As mentioned above, cannabis plants need nutrients to maintain their health, grow larger, and produce buds. More specifically, they need certain macronutrients, like phosphorus, potassium, sulfur, and calcium, and they also need micronutrients, like boron, copper, chlorine, iron, manganese, molybdenum, nickel, and zinc.
All of these are involved in various processes like photosynthesis and flower production among others, but too much or too little of any of these nutrients can create an imbalance that hinders normal biological functions. Performing a nutrient analysis, like the one we run here at MCR Labs, can uncover potential deficiencies and toxic excesses in nutrient uptake that disrupt healthy maturation and production.
By digesting a leaf or other plant matter in a strong acid, we can then use inductively coupled plasma mass spectrometry (ICP-MS) to see what elements are present in the plant tissue. This allows us to identify individual micro and macronutrients and quantify them to a sensitivity of parts per billion (ppb). Getting this extremely acute breakdown of elemental ratios inside the plant gives growers the information they can leverage to make dramatic improvements to their cultivation practices.

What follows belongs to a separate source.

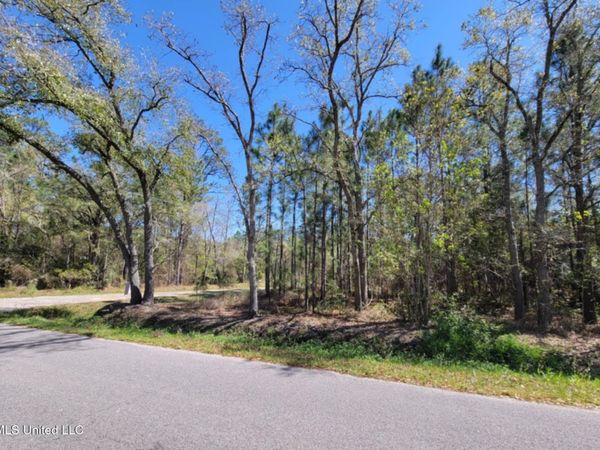 Lot 13 Red Street, Waveland, MS 39576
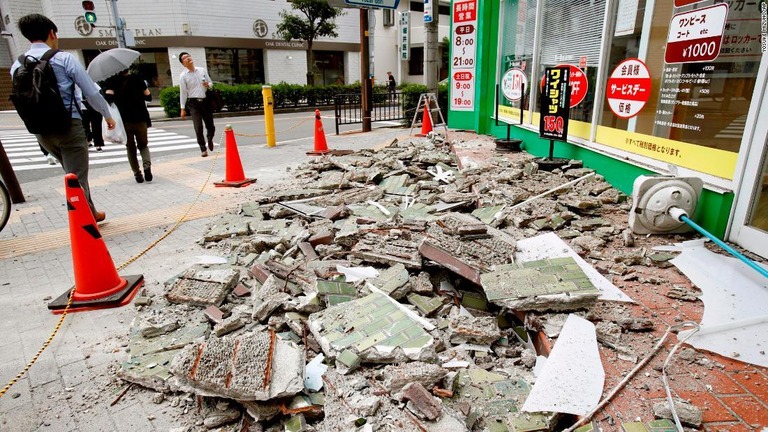 大阪府の市街を襲った強い地震で建物の外壁が剥がれ落ちるなどの被害が出た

How Can Nutrient Analysis Help Growers?
There are several ways the data provided by a nutrient analysis can aid growers in getting the most out of their plants. Depending on which stage of the growing cycle this testing is performed during, we can assess plant health, determine necessary adjustments, and even discover what aspects of the growing environment might be affecting nutrient uptake.
Detecting Hidden Problems
Certain deficiencies or imbalances can manifest in visible changes to the plants like leaves turning brown or beginning to fall off. Nutrient analysis can help growers discover the underlying issues before they begin to emerge physically. Additionally, it can reveal nutrient-related problems that might not affect the plant’s outward appearance but could still affect yield or cannabinoid production.

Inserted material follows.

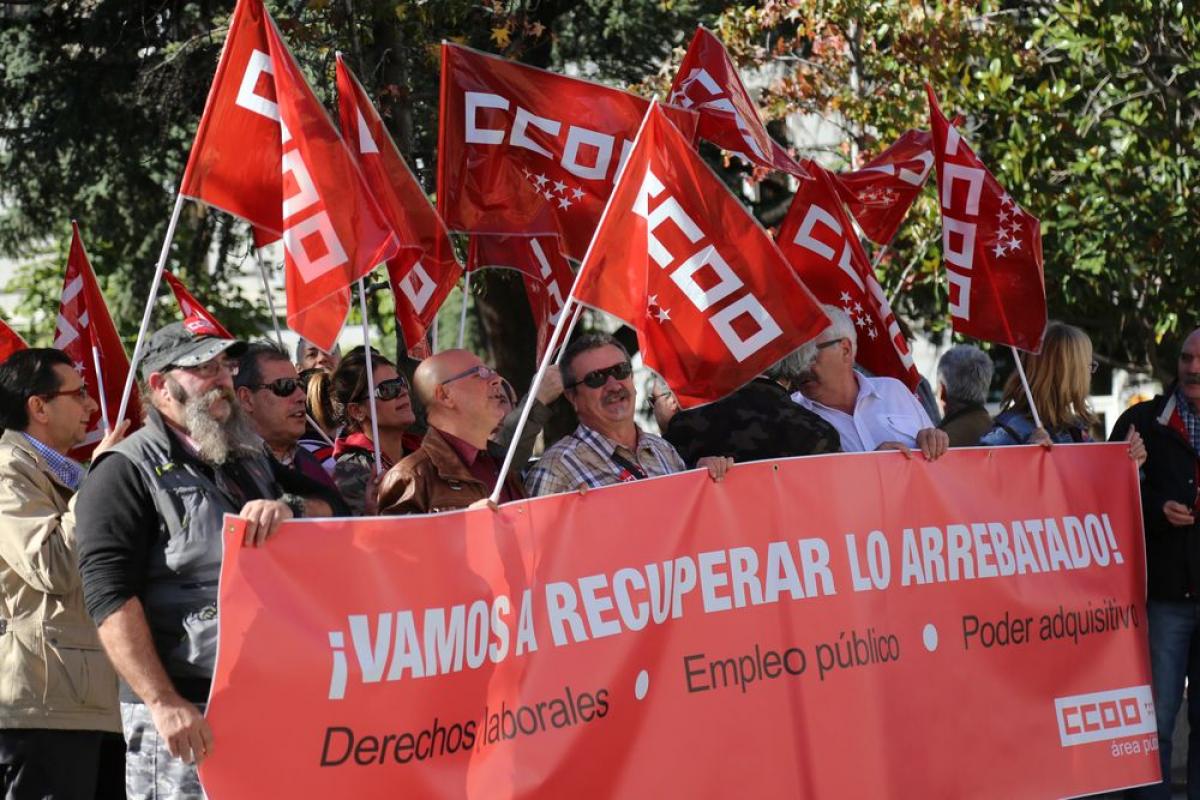 Concentracin frente al Congreso de los Diputados en la campaa #RecuperarloArrebatado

Optimizing Nutrient Feeding
In addition to being grown in well-balanced soil, cannabis plants are often “fed” additional nutrients throughout the growing cycle. Seeing how plants are absorbing nutrients at different stages of growth enables growers to adjust nutrient ratios via feeding to ensure plants have just the right balance of nutrients to reach their full potential. This could also save growers money since different phenotypes of cannabis take up nutrients at different rates, and only using what’s needed would prevent wasting expensive nutrients on plants that won’t absorb them.
Trend Analysis
The more data growers have at their disposal, the better able they are to understand when, why, and from where their plants are getting nutrients. While seeing this data once can help refine the nutrient mix for one crop, monitoring this data over time can help uncover changes that may be occurring within the growing environment that can affect the output from batch to batch.
There’s Power in Numbers
While helping individual growers is the primary benefit to Plant Nutrient Analysis, it has the potential to be an incredibly powerful tool for expanding our collective knowledge about how to get the best out of each cannabis plant being grown. As more independent cannabis testing labs like MCR Labs begin to explore offering nutrient analysis, the exponential growth of data at our disposal can be leveraged to improve growing practices for home growers and professional cultivators alike.

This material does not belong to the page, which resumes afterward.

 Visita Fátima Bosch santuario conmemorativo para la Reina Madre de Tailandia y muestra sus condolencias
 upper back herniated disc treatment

With every new data point collected, we have the potential to see more reliably how deficiencies in one nutrient can create excesses of another and vice versa. If we can discover consistency in these kinds of trends, we’ll be able to offer guidance for refining nutrient mixtures, adjust feeding schedules, and design a roadmap that shows how to maximize the production of cannabis plants for the benefit of patients, consumers, and the entire cannabis community.